== RECORDS PROVIDED ==

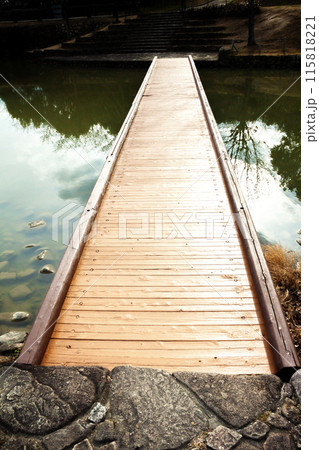 木製の橋のある風景 木製の橋のある風景 115818221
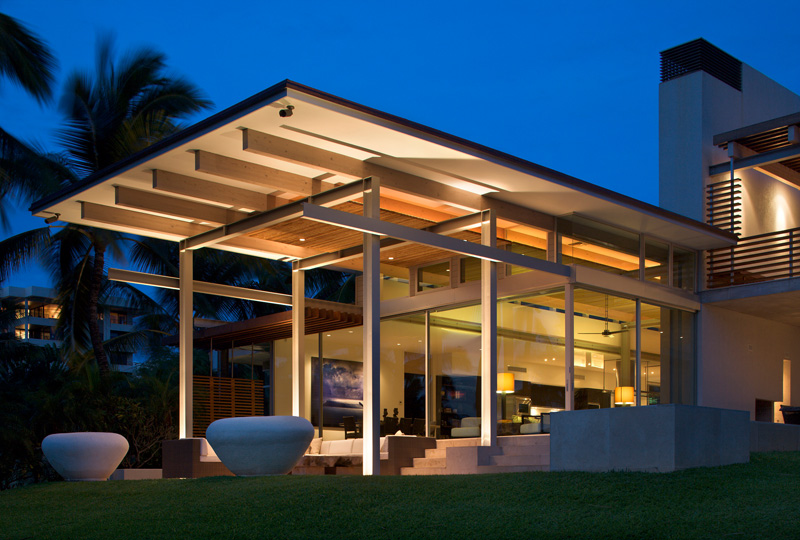 Home on Maui by Bossley Architects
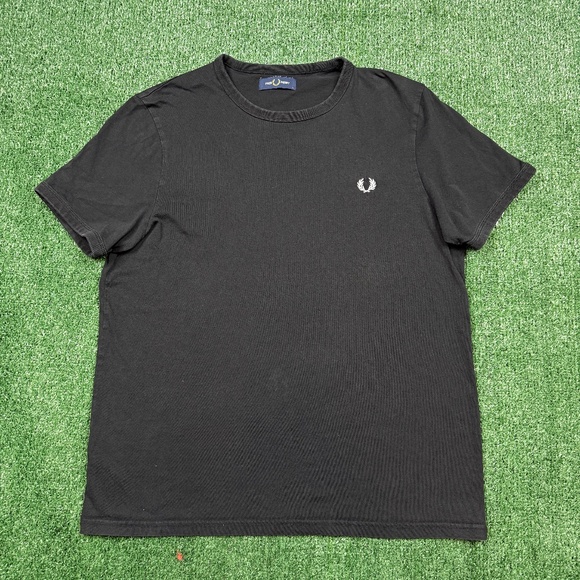 Fred Perry T Shirt Men's Size L Black Short Sleeve Crew Neck Preppy - Picture 1 of 8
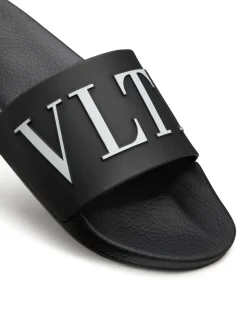 Ciabatte con logo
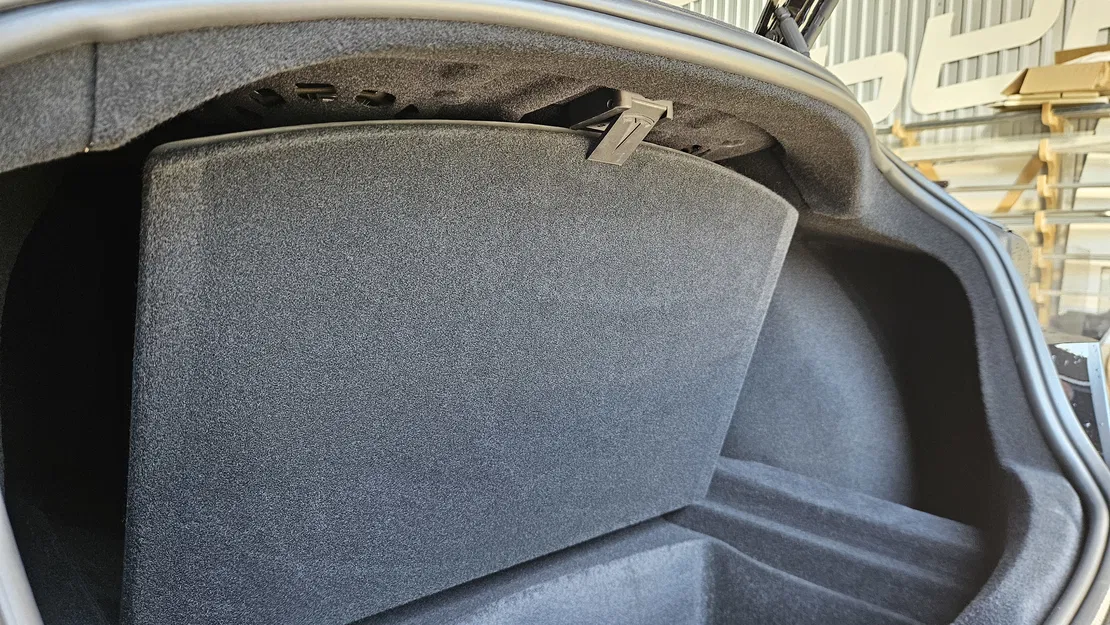 Tay Nắm Khoang Hành Lý Tesla 3 Highland - Image 1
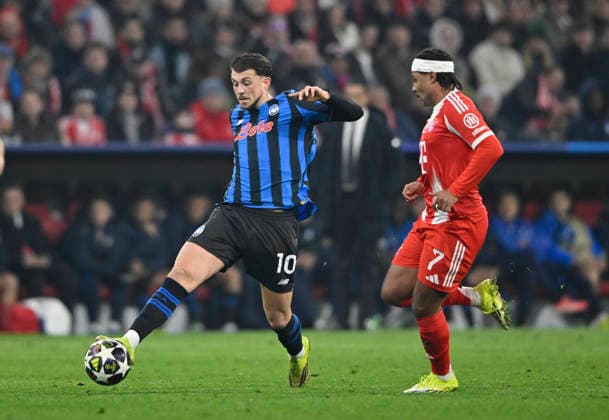 Zweikampf, Aktion Nicolo Zaniolo Atalanta BC Bergamo (10) gegen Serge Gnabry FC Bayern Muenchen FCB (07) FC Bayern Muenchen FCB vs Atalanta Bergamo CL Champions League Achtelfinale Rueckspiel 18.03.2026 DFL REGULATIONS PROHIBIT ANY USE OF PHOTOGRAPHS AS IMAGE SEQUENCES AND OR QUASI-VIDEO FC Bayern Muenchen FCB vs Atalanta Bergamo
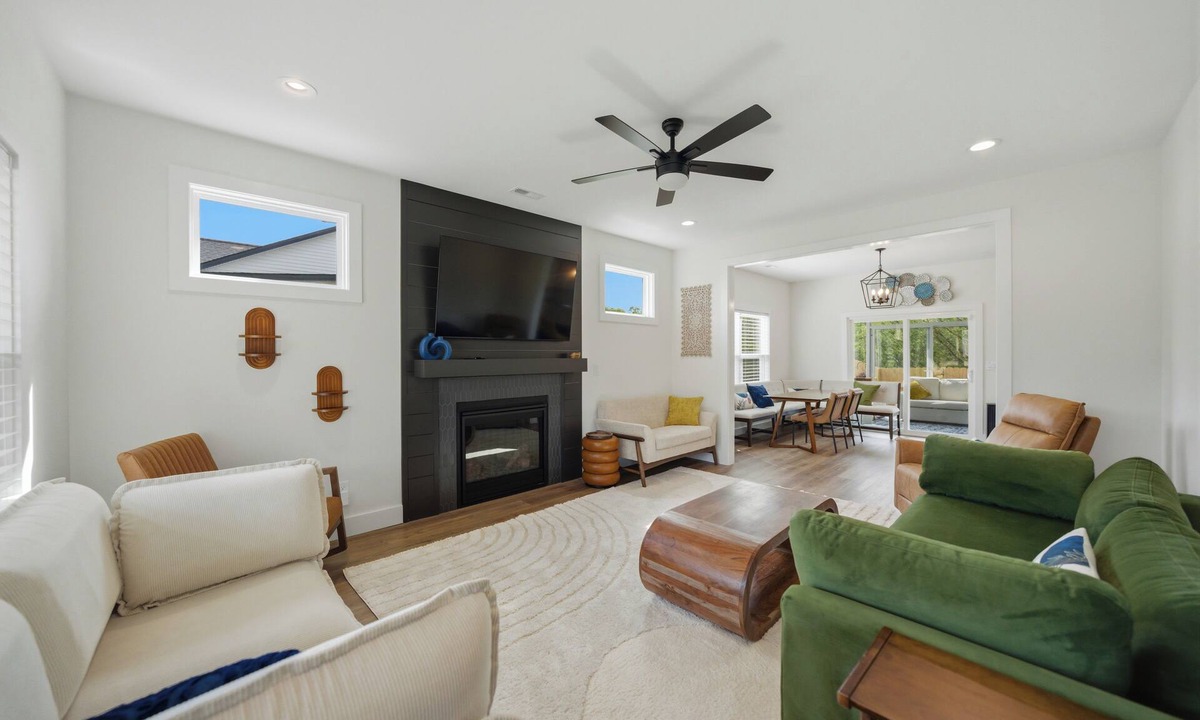 Knoxville House | SoKno Luxe Retreat, Pool Table, Sunroom, 15 min-Knox, 35-Sevier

===

> DIRECTIONS
Which lines run from the one containing "Zweikampf, Aktion Nicolo" to the end of the entries above? Write them out exactly, leaving out every picture.

> RESPONSE FOR THIS EXERCISE
 Zweikampf, Aktion Nicolo Zaniolo Atalanta BC Bergamo (10) gegen Serge Gnabry FC Bayern Muenchen FCB (07) FC Bayern Muenchen FCB vs Atalanta Bergamo CL Champions League Achtelfinale Rueckspiel 18.03.2026 DFL REGULATIONS PROHIBIT ANY USE OF PHOTOGRAPHS AS IMAGE SEQUENCES AND OR QUASI-VIDEO FC Bayern Muenchen FCB vs Atalanta Bergamo
 Knoxville House | SoKno Luxe Retreat, Pool Table, Sunroom, 15 min-Knox, 35-Sevier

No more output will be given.